■ Exercise brief ■
The lines to repeat are those below from the one containing "A 20th Century" down to the one containing "Look Pretty In", both included; reproduce them exactly and nothing else.

[Caption-style text data]
= Beginning of Section =
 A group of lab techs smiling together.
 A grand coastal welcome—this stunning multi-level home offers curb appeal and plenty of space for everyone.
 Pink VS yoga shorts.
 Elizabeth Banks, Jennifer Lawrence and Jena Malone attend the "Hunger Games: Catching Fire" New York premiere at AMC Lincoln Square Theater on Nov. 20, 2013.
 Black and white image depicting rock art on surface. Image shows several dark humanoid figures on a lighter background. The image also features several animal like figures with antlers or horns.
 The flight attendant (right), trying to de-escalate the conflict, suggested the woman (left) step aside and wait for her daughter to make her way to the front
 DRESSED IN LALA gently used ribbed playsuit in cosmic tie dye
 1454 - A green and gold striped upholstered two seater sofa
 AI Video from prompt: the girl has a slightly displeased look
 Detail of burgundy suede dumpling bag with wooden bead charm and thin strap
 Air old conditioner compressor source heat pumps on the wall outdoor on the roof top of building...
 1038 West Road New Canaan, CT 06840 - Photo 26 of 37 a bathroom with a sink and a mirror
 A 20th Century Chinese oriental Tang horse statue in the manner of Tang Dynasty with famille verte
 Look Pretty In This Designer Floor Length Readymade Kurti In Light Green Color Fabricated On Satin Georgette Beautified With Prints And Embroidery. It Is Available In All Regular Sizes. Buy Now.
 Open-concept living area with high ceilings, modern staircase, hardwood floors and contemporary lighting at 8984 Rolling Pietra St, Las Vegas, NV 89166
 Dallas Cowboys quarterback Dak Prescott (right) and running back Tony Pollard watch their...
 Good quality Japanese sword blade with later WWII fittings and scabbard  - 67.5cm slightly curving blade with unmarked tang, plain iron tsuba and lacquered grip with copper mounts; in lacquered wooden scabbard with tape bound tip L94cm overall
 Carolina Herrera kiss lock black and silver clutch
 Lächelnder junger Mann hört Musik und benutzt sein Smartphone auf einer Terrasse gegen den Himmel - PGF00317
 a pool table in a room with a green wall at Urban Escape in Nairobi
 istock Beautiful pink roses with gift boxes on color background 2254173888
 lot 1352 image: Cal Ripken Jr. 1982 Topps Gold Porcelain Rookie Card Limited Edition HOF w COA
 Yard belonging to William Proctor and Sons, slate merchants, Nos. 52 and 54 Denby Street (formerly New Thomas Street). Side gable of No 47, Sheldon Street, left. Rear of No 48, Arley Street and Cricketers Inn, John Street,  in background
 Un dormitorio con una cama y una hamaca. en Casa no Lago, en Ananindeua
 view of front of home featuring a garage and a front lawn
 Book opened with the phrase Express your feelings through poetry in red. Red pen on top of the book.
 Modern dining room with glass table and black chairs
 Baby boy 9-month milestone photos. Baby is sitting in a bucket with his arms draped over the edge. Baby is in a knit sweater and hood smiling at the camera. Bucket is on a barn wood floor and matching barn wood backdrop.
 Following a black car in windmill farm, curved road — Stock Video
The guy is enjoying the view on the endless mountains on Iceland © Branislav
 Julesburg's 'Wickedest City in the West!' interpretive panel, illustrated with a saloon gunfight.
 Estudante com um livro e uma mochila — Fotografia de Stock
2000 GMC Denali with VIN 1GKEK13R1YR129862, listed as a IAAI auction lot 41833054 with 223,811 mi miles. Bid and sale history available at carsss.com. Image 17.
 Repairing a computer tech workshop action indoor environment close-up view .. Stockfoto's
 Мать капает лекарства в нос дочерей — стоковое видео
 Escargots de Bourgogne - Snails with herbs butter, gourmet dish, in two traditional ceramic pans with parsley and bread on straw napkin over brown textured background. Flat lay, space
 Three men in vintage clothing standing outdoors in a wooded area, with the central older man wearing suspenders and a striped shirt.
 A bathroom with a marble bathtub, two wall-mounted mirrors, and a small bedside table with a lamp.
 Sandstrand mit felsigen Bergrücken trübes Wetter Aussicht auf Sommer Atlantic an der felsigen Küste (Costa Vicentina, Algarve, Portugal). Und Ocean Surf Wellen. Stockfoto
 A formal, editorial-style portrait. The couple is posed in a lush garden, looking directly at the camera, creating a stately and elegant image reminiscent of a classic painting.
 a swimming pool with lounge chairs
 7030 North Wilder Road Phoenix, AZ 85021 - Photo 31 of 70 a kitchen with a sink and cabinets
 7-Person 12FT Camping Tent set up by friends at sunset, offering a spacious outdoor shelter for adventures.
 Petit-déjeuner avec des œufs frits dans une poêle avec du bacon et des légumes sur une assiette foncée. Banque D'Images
= End of Section =
■ Solution for this problem ■
 A 20th Century Chinese oriental Tang horse statue in the manner of Tang Dynasty with famille verte
 Look Pretty In This Designer Floor Length Readymade Kurti In Light Green Color Fabricated On Satin Georgette Beautified With Prints And Embroidery. It Is Available In All Regular Sizes. Buy Now.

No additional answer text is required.